START DATASET EXTRACT
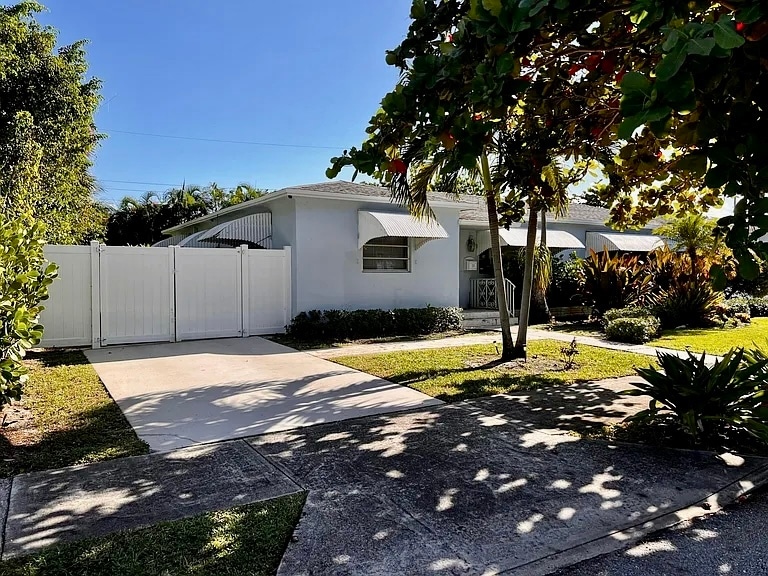 Building Photo - 235 Fordham Dr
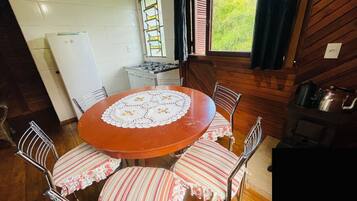 Basic Cabin | Dining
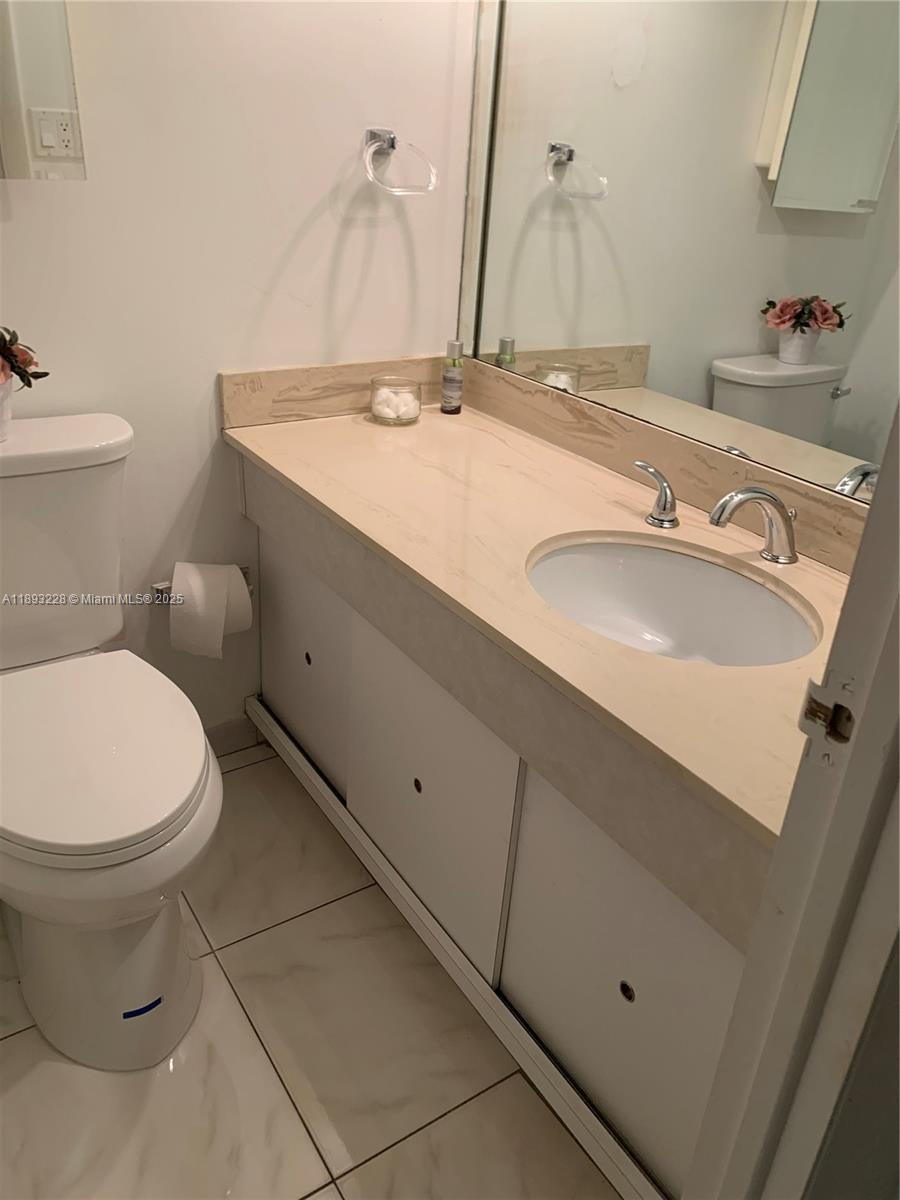 HEMISPHERES CONDO - Residential Lease
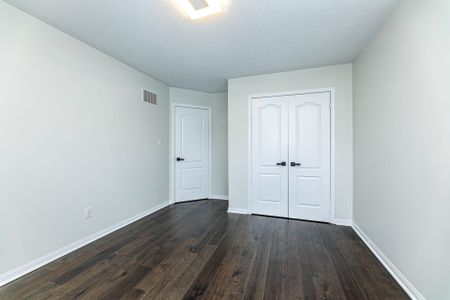 For Lease - 54 Beresford Crescent, Brampton, Ontario - Photo 3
END DATASET EXTRACT
Pictures stay out. Copy exactly, and only, the lines from the one containing "HEMISPHERES CONDO - Residential Lease" through the end of the data.

* **REPLY**:
 HEMISPHERES CONDO - Residential Lease
 For Lease - 54 Beresford Crescent, Brampton, Ontario - Photo 3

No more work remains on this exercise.